La palabra de Pablo es bien clara: jamás tocarás fondo en el misterio cristiano; jamás te hallarás legitimado para decir: he apurado la expe­riencia cristiana y no he apagado mi sed. Tu sed es infinita; pero el agua que Cristo te ofrece es infinitamente infinita (si se puede hablar así). Has llegado a la meta; o, mejor dicho, has sido instalado en ella por gracia de Dios. Pero, por otro lado, la meta sigue siendo meta para ti. Estás en ella (indicativo) y te llama a que te pongas en movimiento hacia ella (imperativo). Si lo prefieres, podemos decir que se trata de ahondar más en una experiencia inagotable; de crecer más en una marcha ascensional sin término. Estás en una meta sin término. De ahí ha de nacer tu certeza, tu confianza: no estás perdido; sino ganado. Y de ahí ha de nacer tu ímpetu: has de ganar a Dios, has de ganar a Cristo, que se te presentan como realidades siempre antiguas y siempre nuevas, con una antigüedad que no caduca y con una novedad que no envejece. No te des por conforme con tu nivel de experiencia cristia­na, con tu grado de seguimiento del Señor, con tu estado presen­te. Qui semel dicit: sufficit, periit. Como sucede en esas situaciones en que no seguir caminando significa caer.

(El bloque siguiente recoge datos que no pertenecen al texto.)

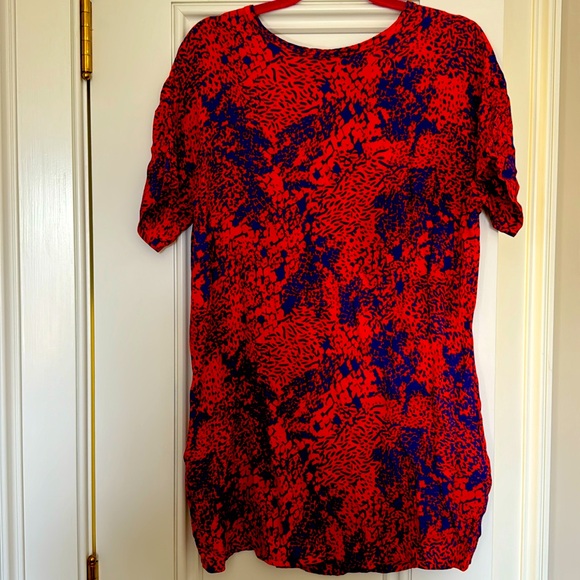 The Kit size Xs shift with pockets. - Picture 1 of 3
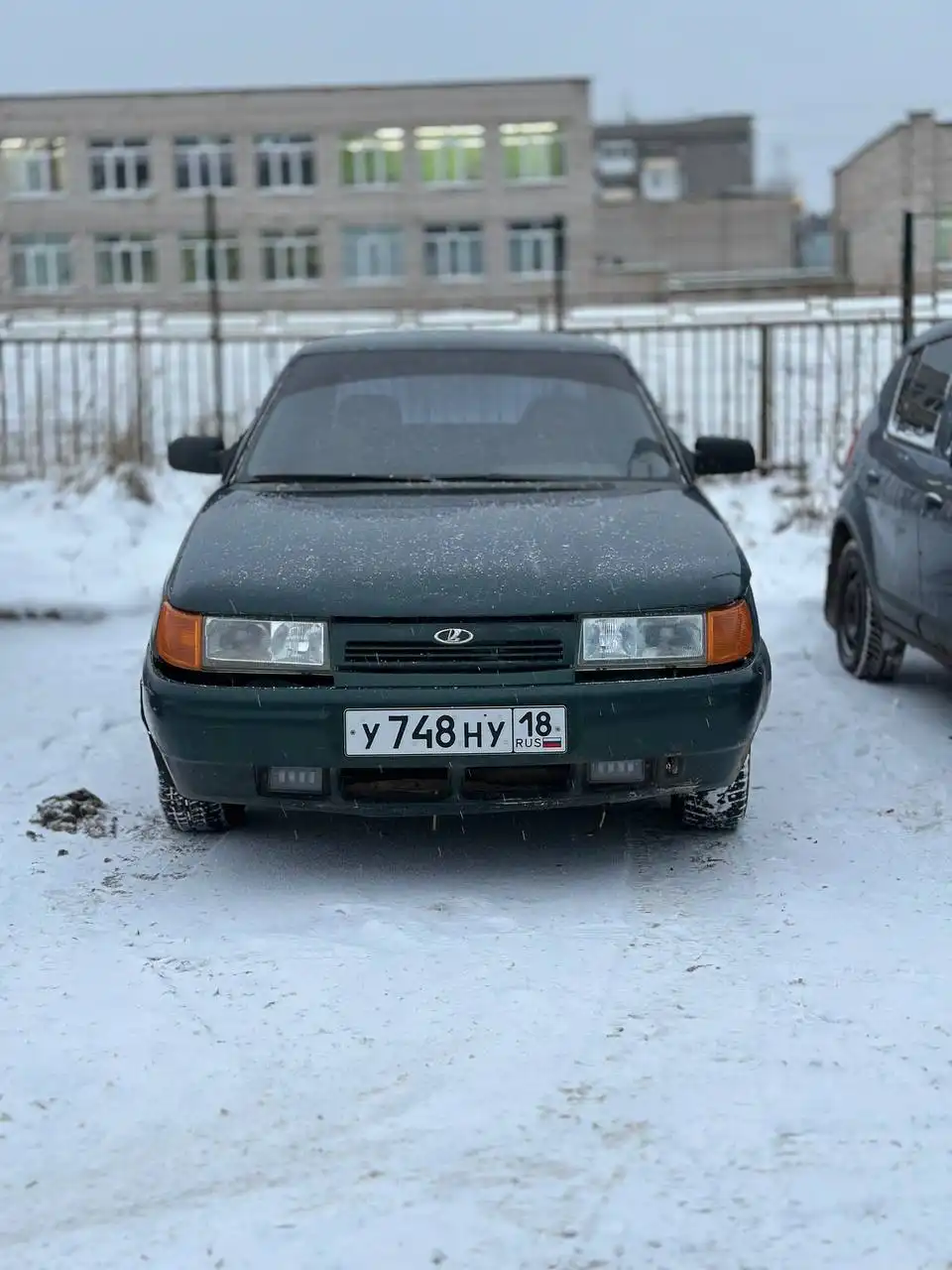 Продам ВАЗ 2110 с документами и зимней резиной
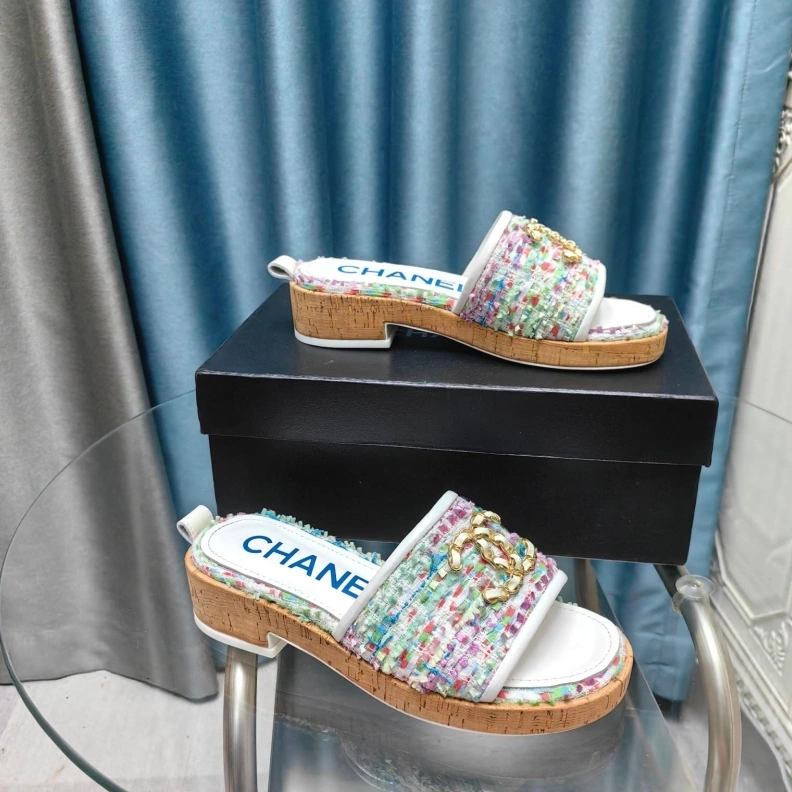 Flexible Chxnxl Slippers 123383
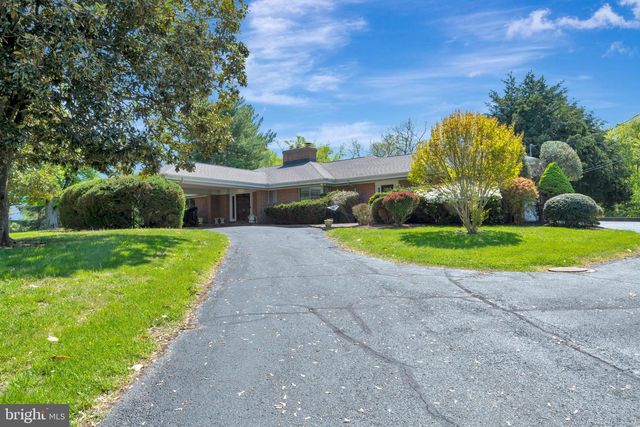 1066 WALKER SCHOOL RD, Smyrna, DE 19977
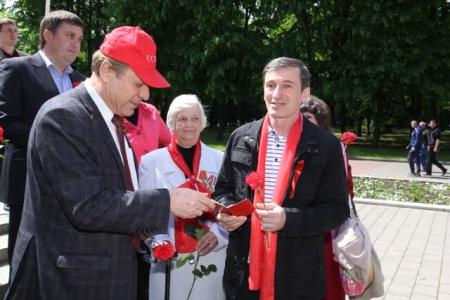 В День Победы коммунисты Кабардино-Балкарии возложили цветы к Вечному огню и памятнику В.И. Ленину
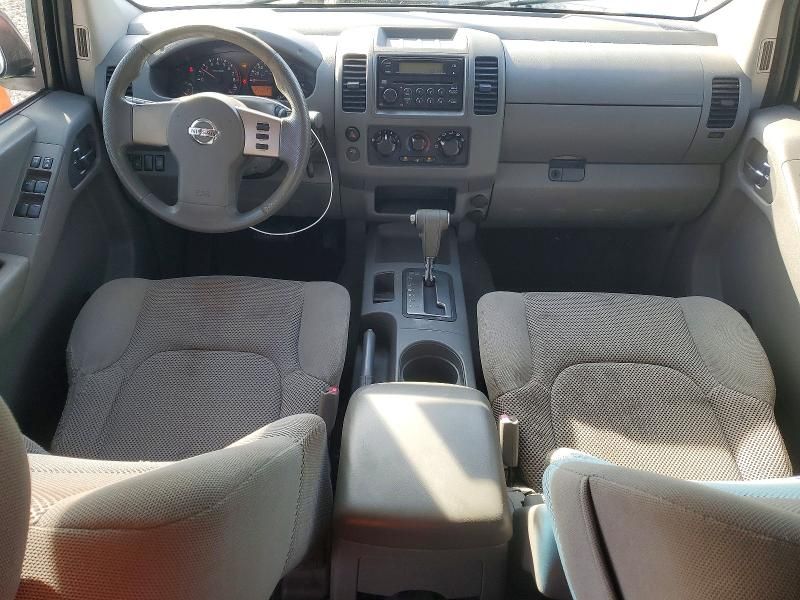 2007 Nissan Frontier Crew cab le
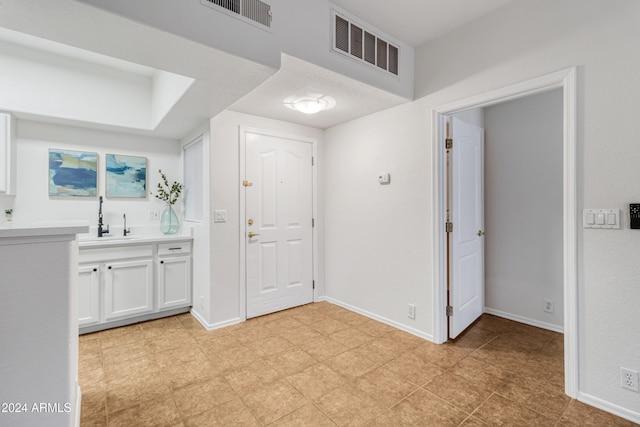 entryway featuring sink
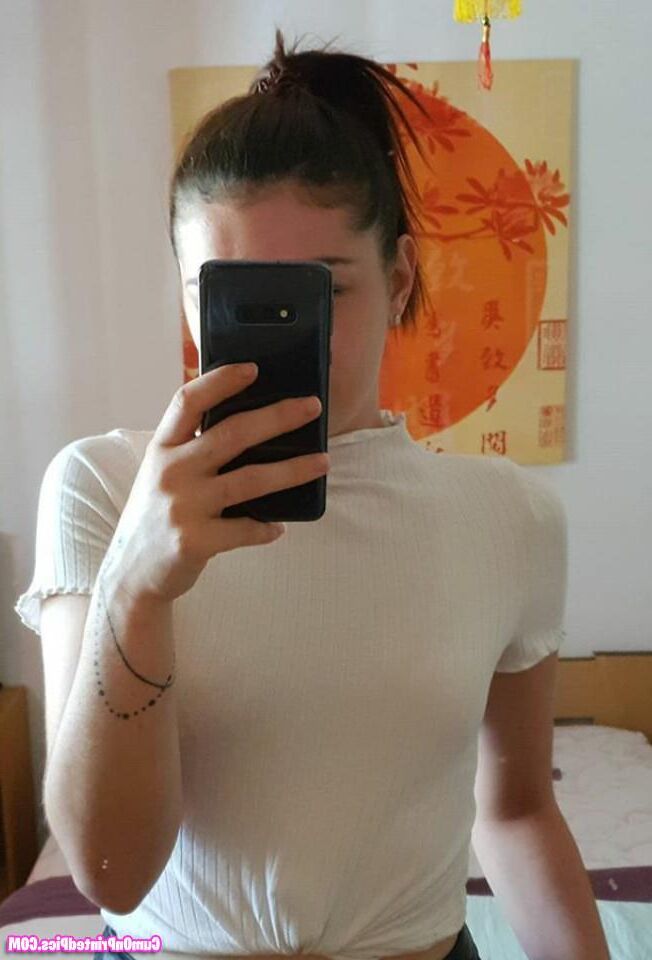 Манон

Mi apuesta, y supongo que nuestra apuesta es clara. Se funda en la percepción-interpretación que tenemos del acontecimiento cristiano y se funda en nuestra historia personal en cuanto inmersa en este planteamiento. Lo que sucede ahora se puede leer en los términos de Jossua: nuestra sociedad es poscristiana, y es sin embargo una sociedad todavía no evangelizada.

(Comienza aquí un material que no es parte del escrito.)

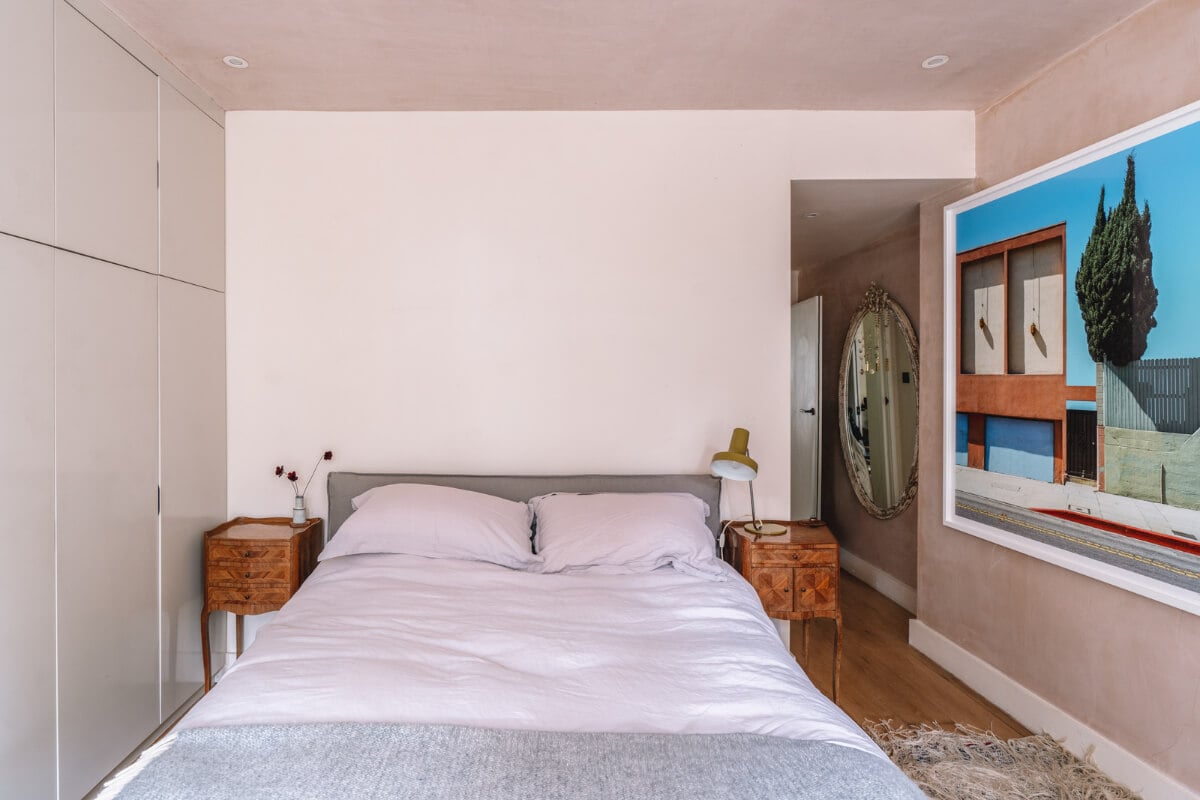 A Charming Garden Apartment in North Kensington 14 master bedroom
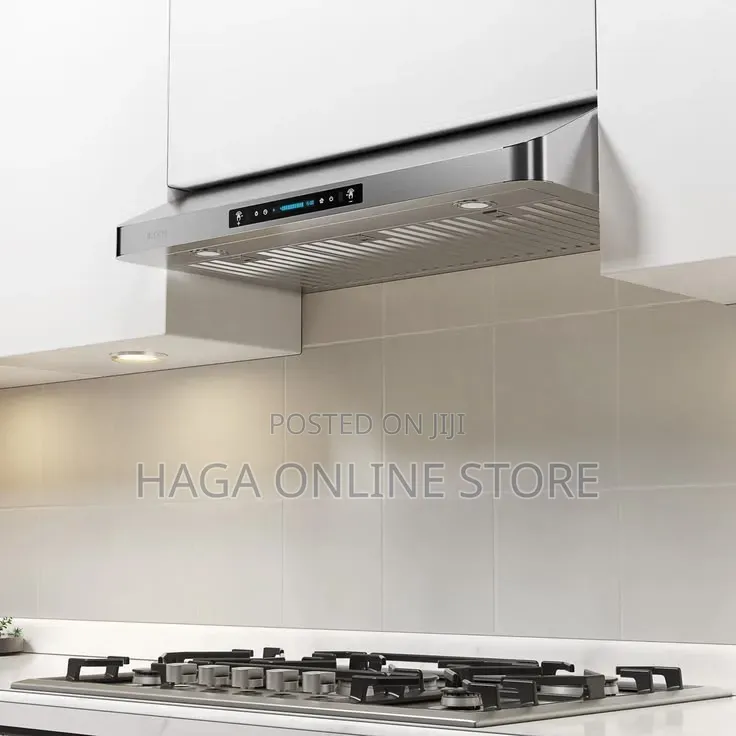 Minimalistic Chimney Hood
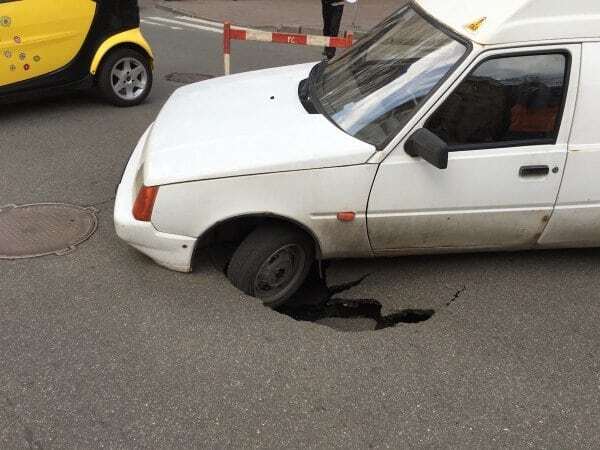 В Киеве под автомобилем провалился асфальт: фотофакт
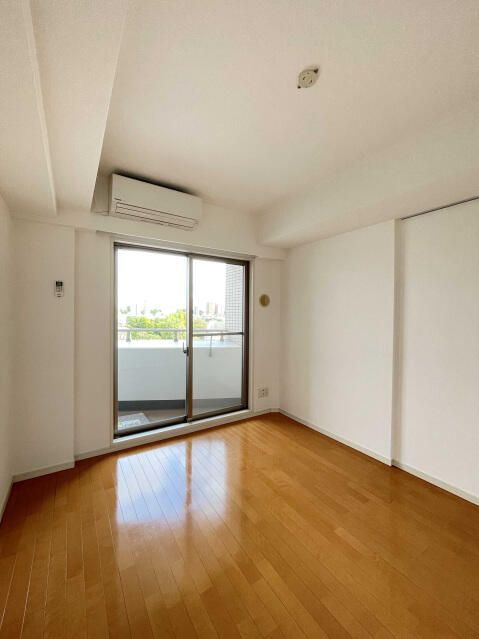 スカイコート後楽園壱番館の居間・リビング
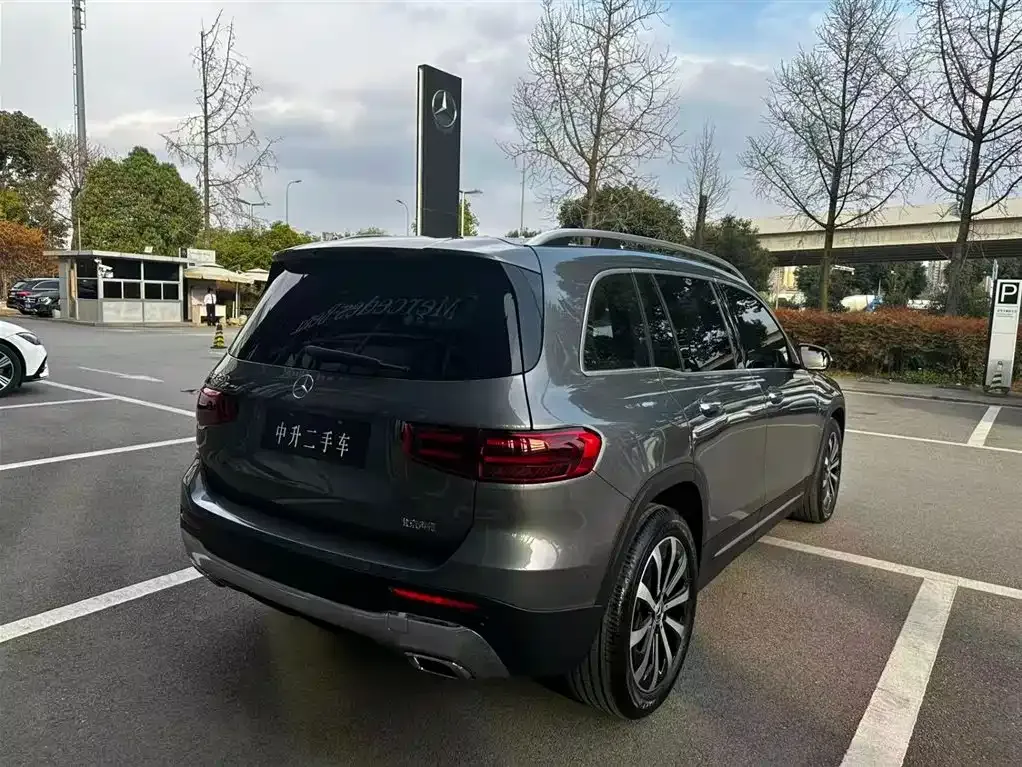 Mercedes-Benz GLB — фото 10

Otro aspecto del pensamiento de Pablo, que hemos dado casi por supuesto antes: Pablo sí considera su existencia judía como una etapa felizmente caducada, a pesar de todos los logros que desde cierto punto de vista cupiera ver en ella. Pero ahora, desde el encuentro con Cristo y su larga experiencia cristiana, puede decir: renuncio una vez más a aquellos logros. Porque no quiero construir mi personalidad sobre mí mismo, ni me parece buena el aura de irreprochable y la fama de tipo legal que traté de ganarme en aquella existencia autocentrada. La verdad más cierta y sólida de mi vida es la gracia de hallarme incardinado en el acontecimiento pascual de Cristo, en el que ha acontecido y se ha significado para mí el amor inefable de Dios, a quien reconozco y confieso como Padre. En mi historia anterior había algo malsano y negativo en el fondo.

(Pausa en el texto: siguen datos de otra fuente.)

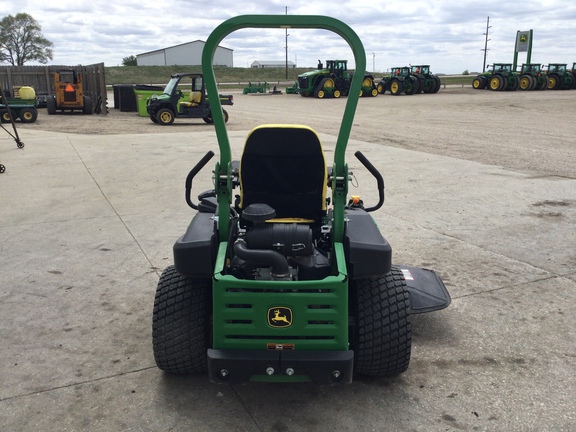 2025 John Deere Z960M Mower/Zero Turn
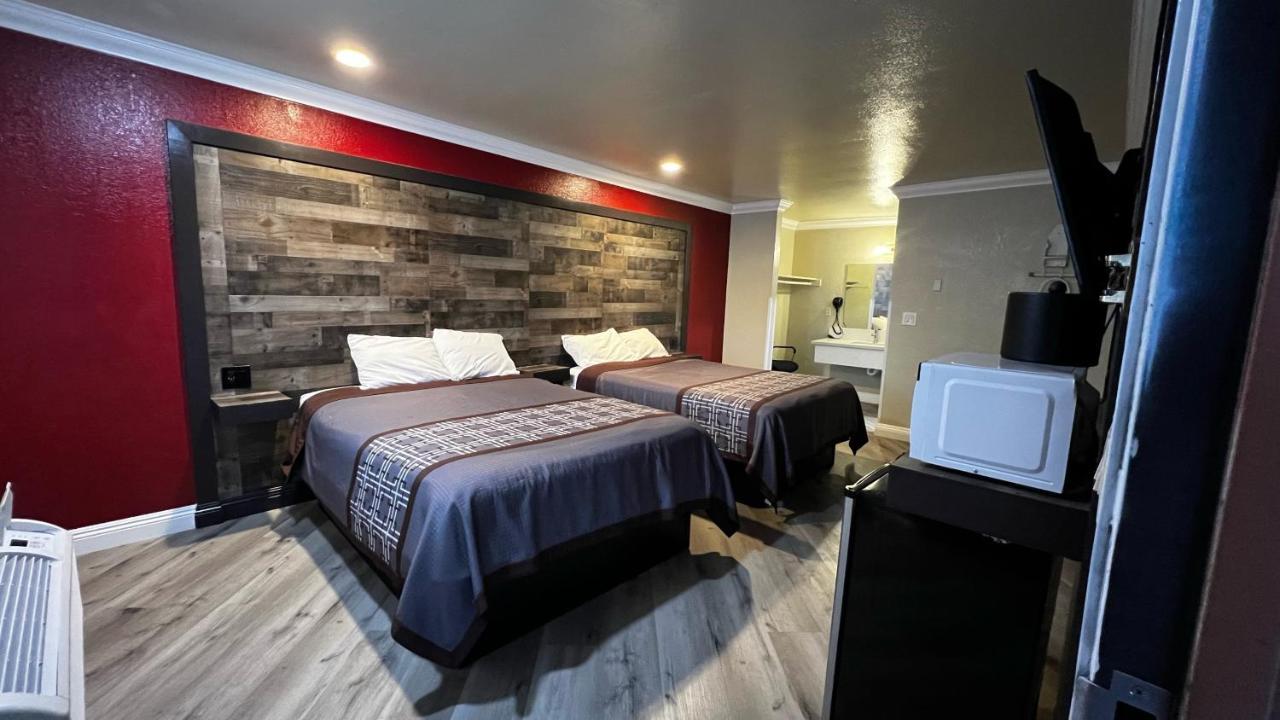 אורנג' New American Inn & Suites מראה חיצוני תמונה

3. Hagamos una tercera pregunta: ¿Qué hacer para llevar una vida de justicia y dignidad? El evangelio nos enseña que la gratitud hacia la bondad experimentada es un estímulo mucho más poderoso que el miedo al castigo.

Jesús nos muestra una forma de servir al bien y a la justi­cia más eficaz y limpia que la forma expedita y quizá demasiado turbia de aquellos apasionados defensores de la Ley y tan dispo­nibles ejecutores de sus códigos penales. Turbia, decimos, porque parece que Jesús desenmascara una pasión por la ley en la que el otro representa el papel de chivo expiatorio de las propias culpas. ¡Como si nos pusiéramos a buenas con la Ley convirtién­do­nos en tan diligentes ejecutores de sus sentencias penales cuando no hemos sido dóciles cumplidores de sus llamadas a vivir confor­me a nuestra vocación! Es otro el precio que tenemos que pagar para ganarnos la complacencia de la Ley sobre nosotros. No va en descargo de nuestra culpa el celo que se descarga sobre la culpa ajena.

En síntesis: no es tiempo para la nostalgia y la balada; no es tiempo para dormirse sobre los laureles; es tiempo para la gratitud fecunda en frutos de dignidad.